▸ **TASK STATEMENT**
Only the lines from the one with "Москва — обязательно" to the end of the data below should be given again, exactly, with both ends included and pictures omitted.
BEGIN RECORDED DATA
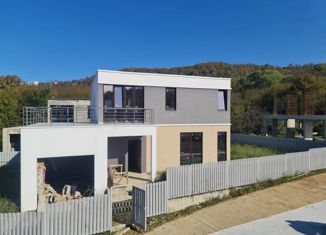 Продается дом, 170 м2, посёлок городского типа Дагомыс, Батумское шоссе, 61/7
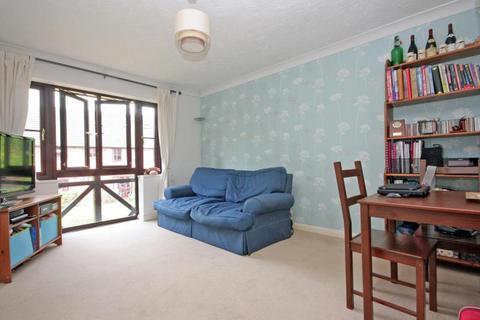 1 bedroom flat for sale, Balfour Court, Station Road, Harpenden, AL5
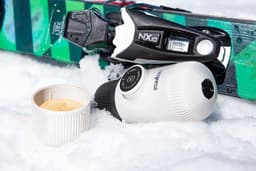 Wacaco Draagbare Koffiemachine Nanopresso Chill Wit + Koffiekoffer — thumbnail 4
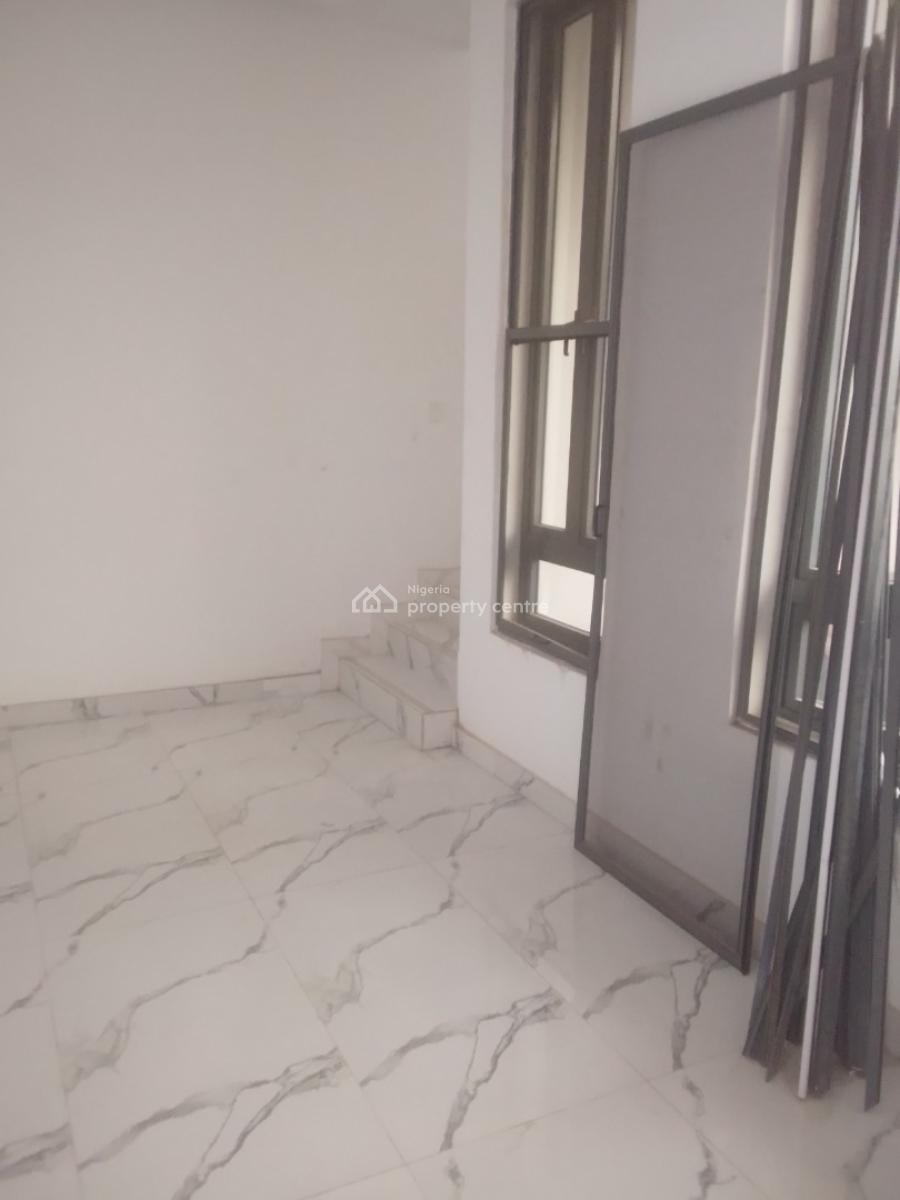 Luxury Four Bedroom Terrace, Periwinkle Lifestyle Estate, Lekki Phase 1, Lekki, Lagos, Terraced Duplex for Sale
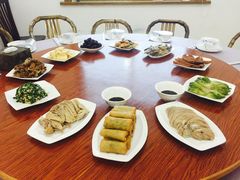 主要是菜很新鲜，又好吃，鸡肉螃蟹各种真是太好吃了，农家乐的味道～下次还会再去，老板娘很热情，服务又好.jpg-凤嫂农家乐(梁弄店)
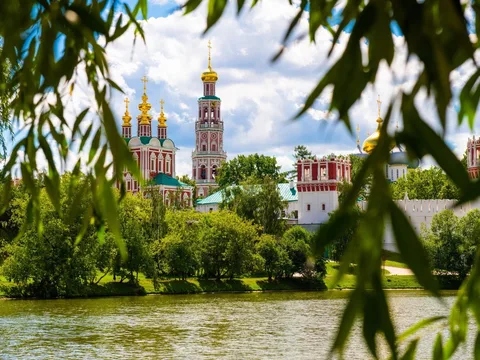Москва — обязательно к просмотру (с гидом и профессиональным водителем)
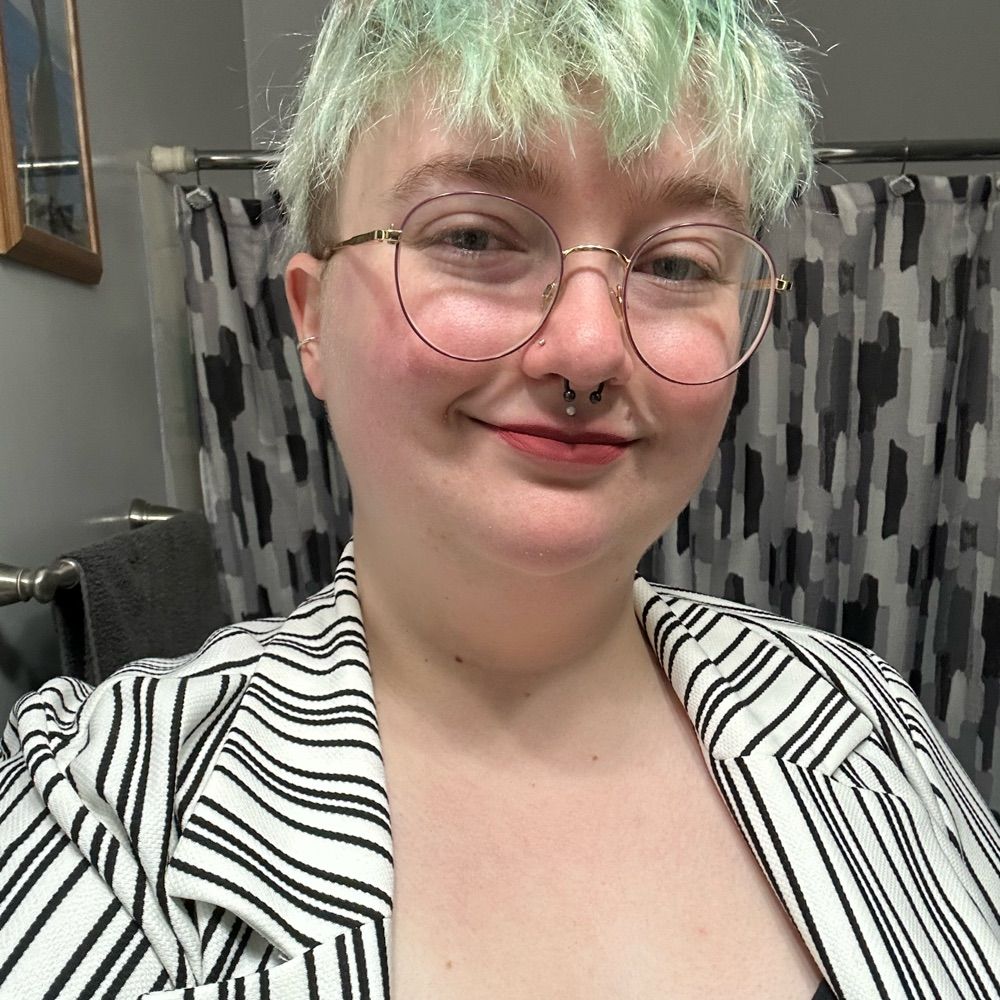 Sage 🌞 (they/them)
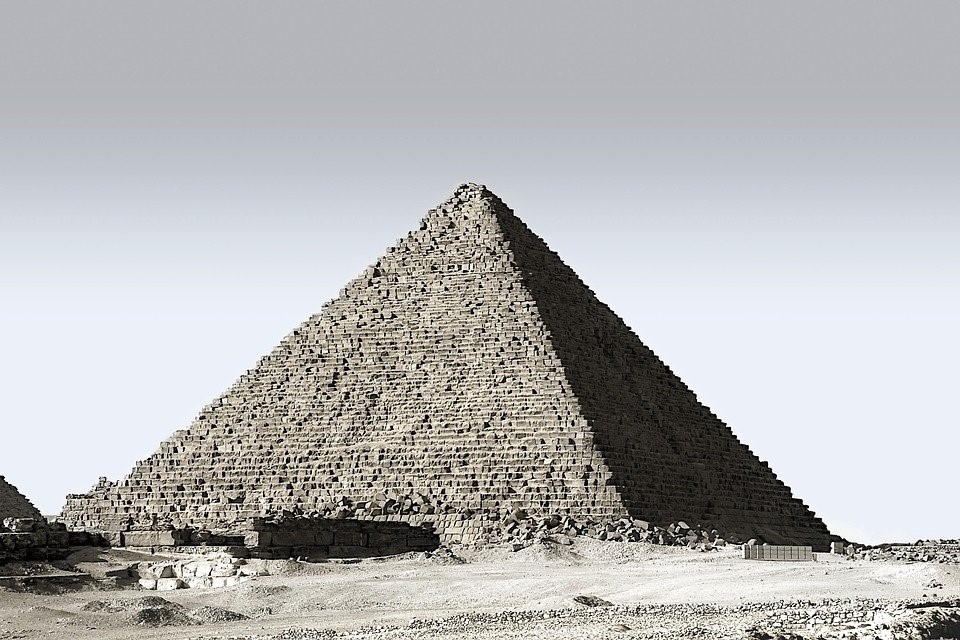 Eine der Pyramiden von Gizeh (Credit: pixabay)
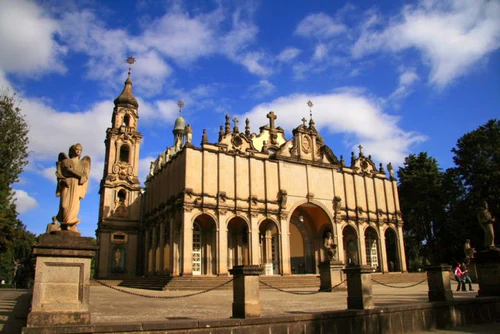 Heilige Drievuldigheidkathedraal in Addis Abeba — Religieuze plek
END RECORDED DATA
▸ **ANSWER BELOW**
Москва — обязательно к просмотру (с гидом и профессиональным водителем)
 Sage 🌞 (they/them)
 Eine der Pyramiden von Gizeh (Credit: pixabay)
 Heilige Drievuldigheidkathedraal in Addis Abeba — Religieuze plek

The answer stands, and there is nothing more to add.